▶ **Required action**
When the line with "原创宋晓峰老婆原来这么漂亮颜值不输明星穿旗袍曲线迷人气质出众" turns up below, begin repeating exactly, and carry on through the line with "Bedrijfsgebouw met woonst op 60a01ca foto 11"; no pictures go into the copy.

--- Available data Enclosed Below ---

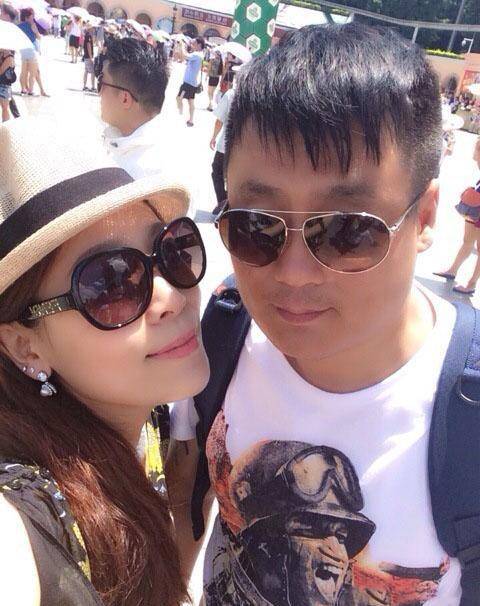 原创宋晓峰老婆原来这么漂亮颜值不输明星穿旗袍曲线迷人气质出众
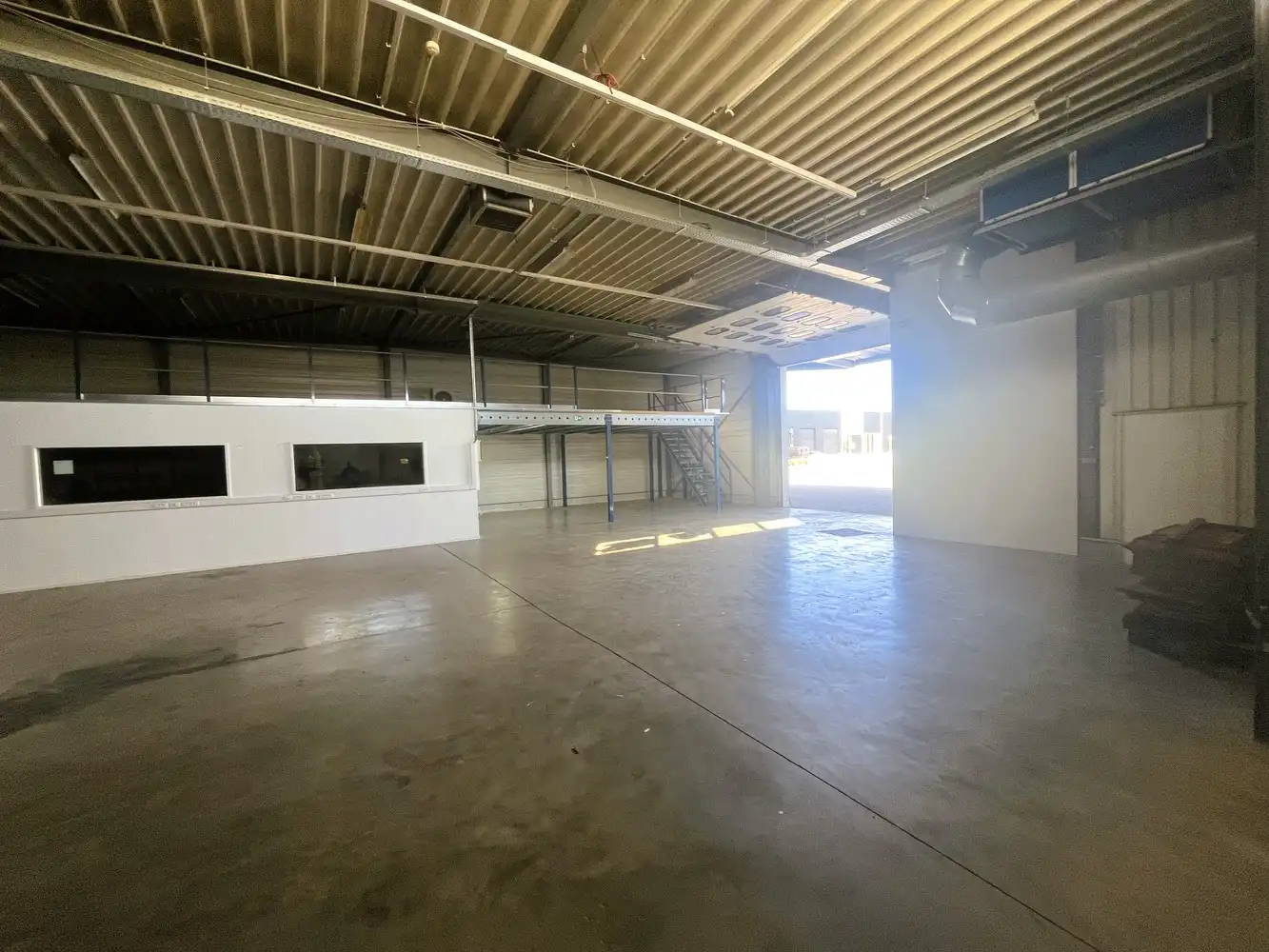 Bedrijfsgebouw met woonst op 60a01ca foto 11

--- End of Enclosed Available data ---
--- Available data Enclosed Below ---

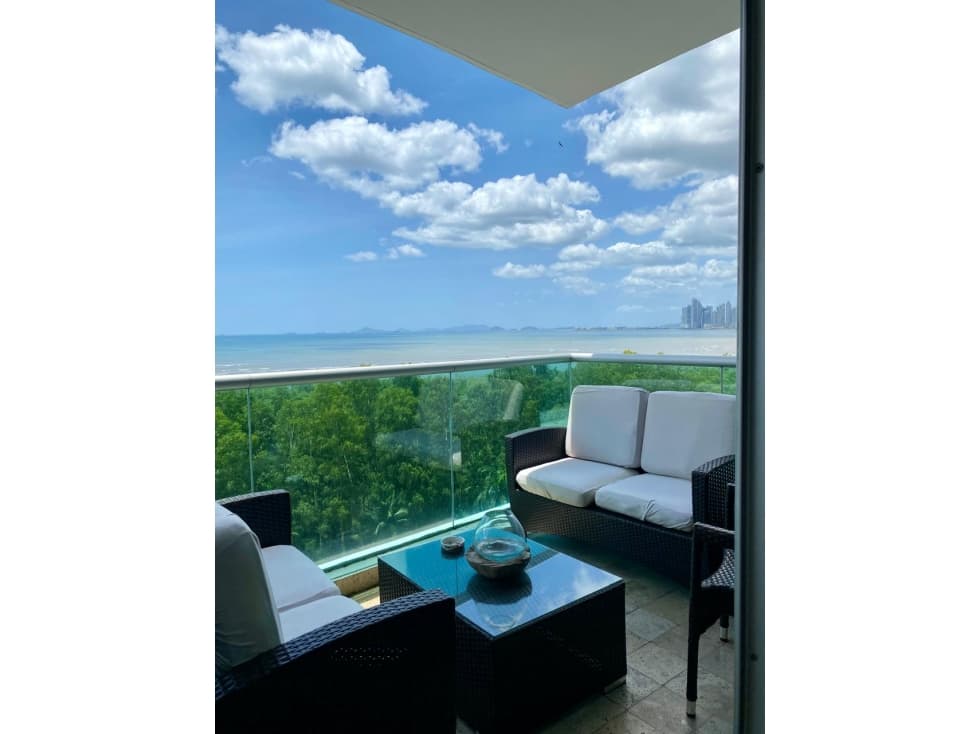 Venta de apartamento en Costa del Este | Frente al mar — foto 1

--- End of Enclosed Available data ---

▶ **Response to this task**
 原创宋晓峰老婆原来这么漂亮颜值不输明星穿旗袍曲线迷人气质出众
 Bedrijfsgebouw met woonst op 60a01ca foto 11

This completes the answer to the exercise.